Changing climate and increasing aridity represent a substantial challenge for land managers. As climate change progresses, understanding the resilience of plant communities to drought, and identifying strategies to enhance resilience, will become increasingly important for sustaining ecosystem structure and function. However, both the tools available for assessing resilience, and the strategies for promoting resilience, may vary across climatic gradients, ecosystem types, and spatial scales. Here, I synthesize results from studies in diverse vegetation types to examine the resilience of plant communities to historical and future drought. A network of long-term forest management experiments provides a unique opportunity to assess how forest density impacts tree growth resilience. Tree mortality on forest monitoring plots illustrates how stand density alters the resilience of tree survival to drought extremes. In dryland ecosystems, regeneration of long-lived perennial plants is a growing challenge for resource managers. Studies characterizing the environmental controls over regeneration suggest that resilience of plant regeneration to fluctuating drought may be adversely impacted in coming decades. At the largest spatial domain and longest temporal scale, categorical resistance and resilience classifications are widely utilized in land management and planning for drylands, although the applicability of these frameworks under future conditions remains unclear.

Results/Conclusions

These studies indicate that forest thinning promotes resilience of tree growth to drought in forests that span a surprisingly broad range of climatic conditions. In addition, tree mortality was higher in dryland forest monitoring plots with higher stand density, suggesting that resilience of tree survival during droughts, both past and future, can be enhanced by maintaining stands at low density. In both dryland forests and non-forested ecosystems, woody plant regeneration is episodic and very sensitive to environmental fluctuations, particularly extremes in temperature and soil moisture.
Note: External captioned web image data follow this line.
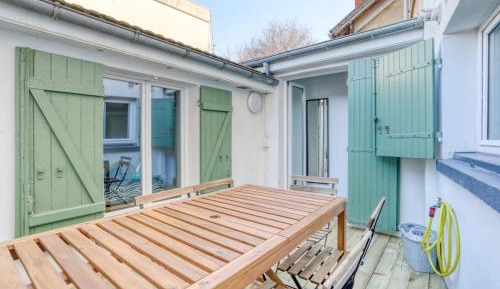 Three-Bedroom Deluxe Apartment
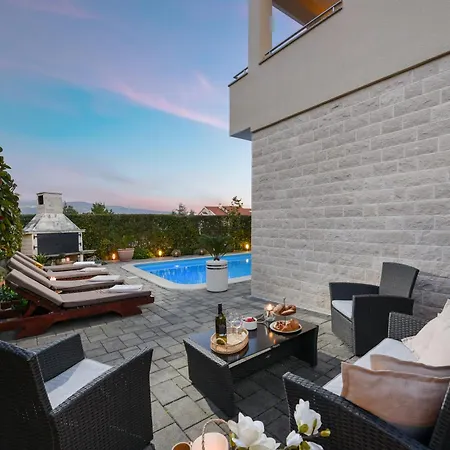 Luminosa By Feel Croatia *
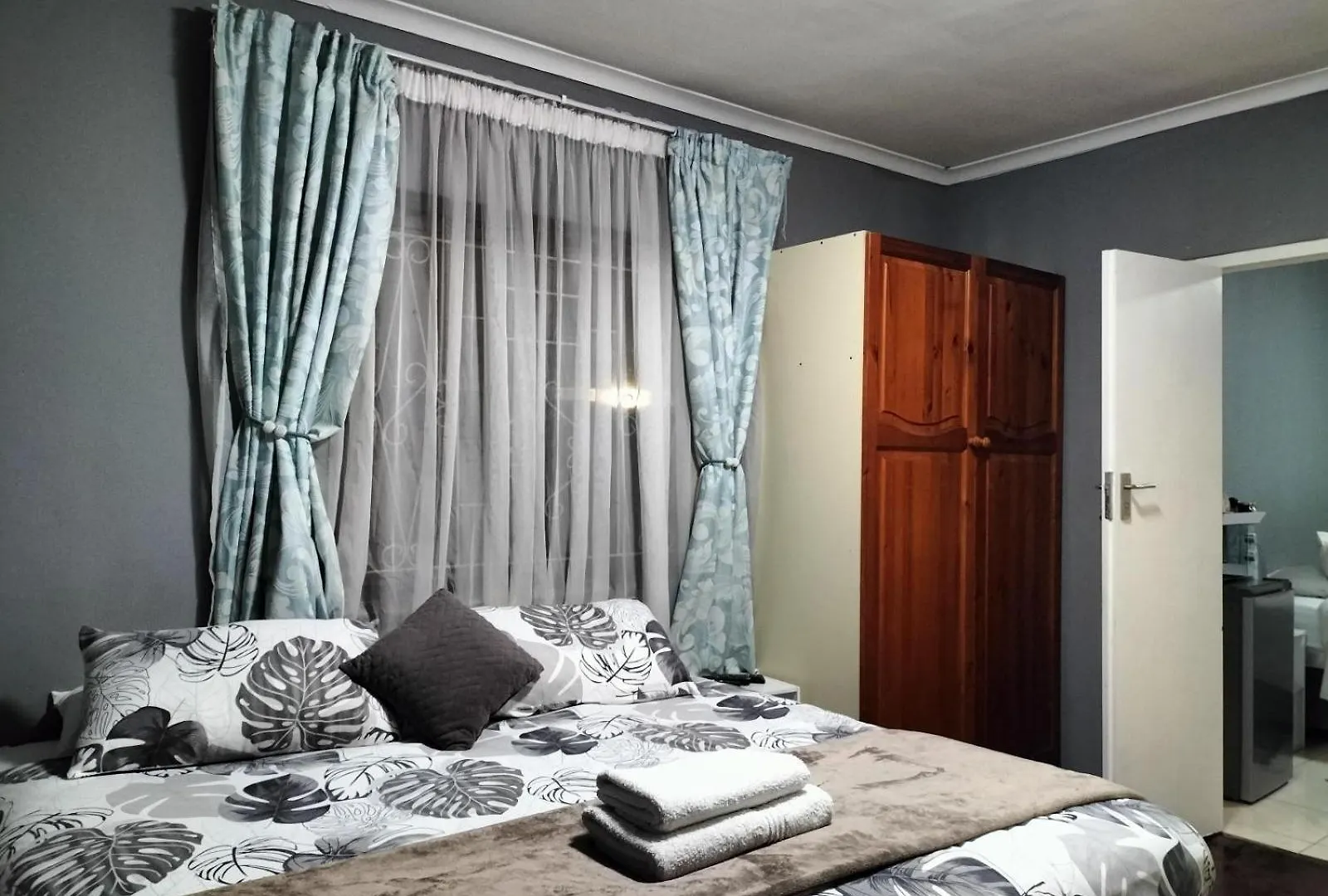 Step-By-Step Self-Catering And B&B Bellville South Africa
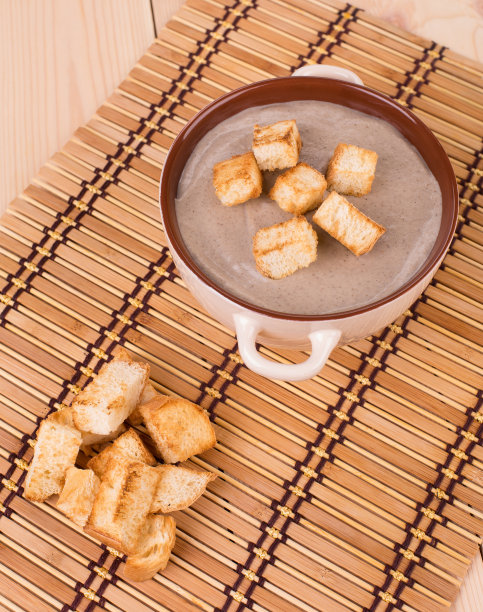 奶油蘑菇汤。图片下载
Long-term resilience of the dominant woody plants in these drylands in the context of increasing drought may be enhanced by both recognizing the important role of regeneration, and by working with natural variability to capitalize on opportunities during periods of favorable conditions. The long-term directional climatic changes anticipated in the 21st century will create conditions that are not well represented by the current resistance and resilience categories, underscoring the need to anticipate future conditions and maintain flexibility in how resistance and resilience is described and landscape to regional scales. Results from these diverse studies can provide insight into drivers of plant resilience to drought and the growing challenge of quantifying and maintaining that resilience in coming decades.